● **TRY IT**: If a record contains a picture, leave the picture out and transcribe everything else exactly.

● **RECORDS FOR PROCESSING**:
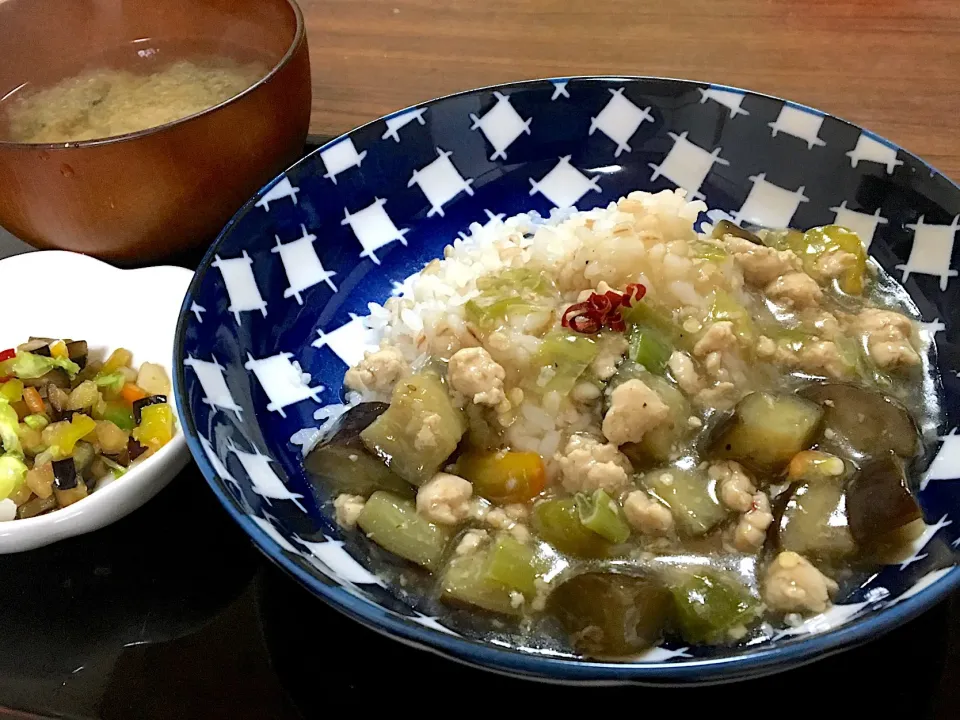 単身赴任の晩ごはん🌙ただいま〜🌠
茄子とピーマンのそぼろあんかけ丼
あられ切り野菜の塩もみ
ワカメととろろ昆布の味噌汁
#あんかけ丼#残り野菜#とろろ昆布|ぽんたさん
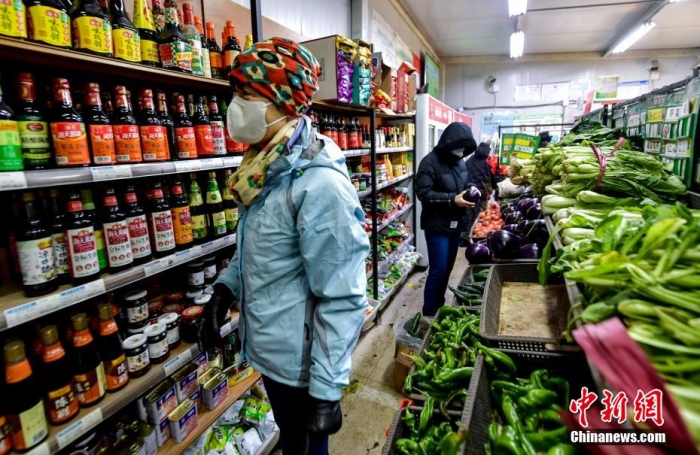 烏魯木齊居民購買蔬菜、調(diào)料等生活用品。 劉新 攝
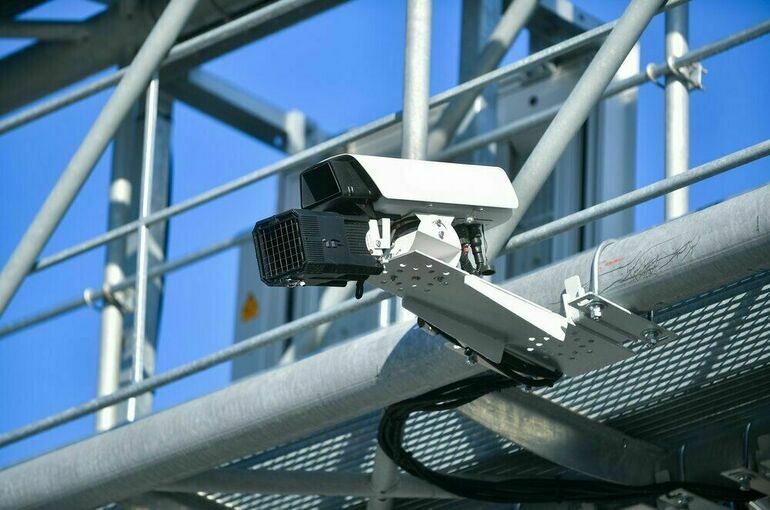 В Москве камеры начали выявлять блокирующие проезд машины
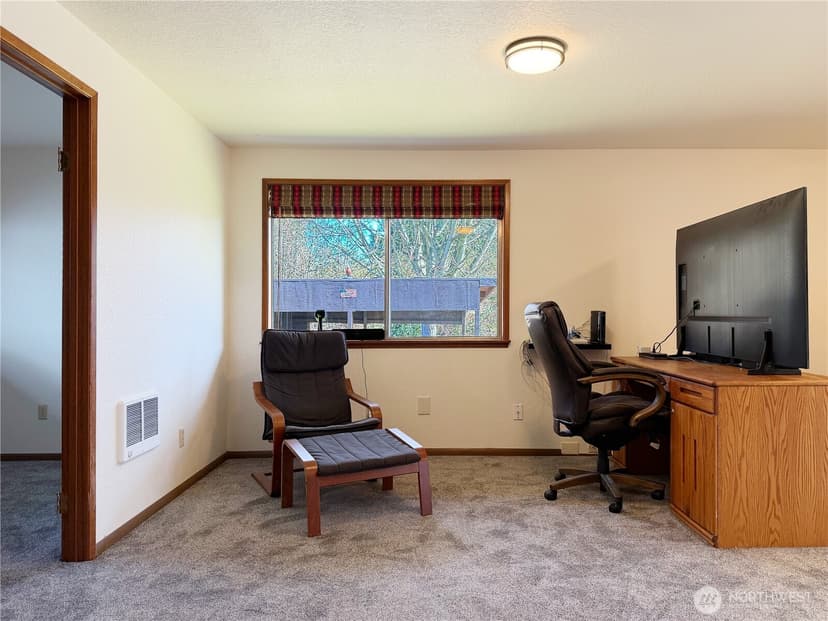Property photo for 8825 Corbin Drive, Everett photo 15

● **ANSWER SECTION**:
 単身赴任の晩ごはん🌙ただいま〜🌠
茄子とピーマンのそぼろあんかけ丼
あられ切り野菜の塩もみ
ワカメととろろ昆布の味噌汁
#あんかけ丼#残り野菜#とろろ昆布|ぽんたさん
 烏魯木齊居民購買蔬菜、調(diào)料等生活用品。 劉新 攝
 В Москве камеры начали выявлять блокирующие проезд машины
Property photo for 8825 Corbin Drive, Everett photo 15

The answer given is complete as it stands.